Ces résultats rejoignent, à partir d’un cas spécifique dans un contexte différent, le constat dressé par Dubet d’une faiblesse de la « socialisation institutionnelle » (2002). Dès lors, le modèle de socialisation professionnelle en vigueur s’actualise au coeur des situations de travail, et il est fondé sur une posture réflexive (Périer, 2009). Les épreuves auxquelles les enseignants formés hors Québec, qui s’apparentent sous cet angle à des « nouveaux enseignants » (Rayou et Ria, 2009), font appel à leur réflexivité. Elles signalent aussi la place croissante de la négociation dans le fonctionnement de l’ordre scolaire dans la classe (Périer, 2012) et plus largement dans l’institution scolaire.

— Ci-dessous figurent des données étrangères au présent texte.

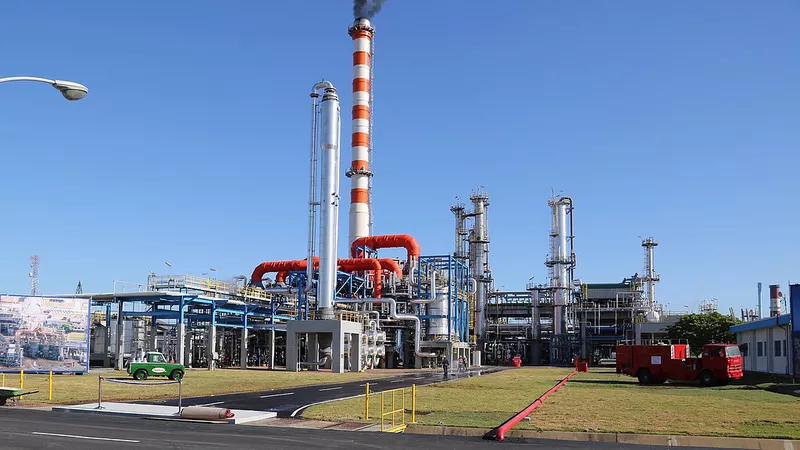 refineria1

C’est pourquoi les négociations avec les partenaires de travail sont si importantes pour produire la signification des situations de travail. Mais cet accompagnement est fragile et fluctuant, comme si prévalait une conception implicite des premières années comme ayant pour fonction « d’endurcir le néophyte » (Guibert et Périer, 2012).

Ces observations invitent à tirer quelque leçon pour les établissements scolaires et pour les commissions scolaires : il faudrait trouver des moyens d’encourager les échanges entre professionnels sur les lieux de travail, de sensibiliser les autres acteurs aux enjeux de socialisation des enseignants formés hors Québec qui débutent dans des contextes nouveaux pour eux, d’inciter les pairs expérimentés à partager leurs expériences et façons de faire quitte à donner plus de porosité à l’espace si protégé de la classe. L’enjeu est de développer une socialisation par compréhension et adhésion, car elle produit des effets plus durables et profonds sur le travail enseignant. Notre hypothèse est que des efforts sur ce plan favoriseraient des adhésions plus rapides et variées aux compréhensions partagées car, comme on l’a vu, lorsque les enseignants arrivent à donner du sens aux pratiques réclamées, ils s’engagent plus aisément dans des processus de transformation de leur rapport au métier.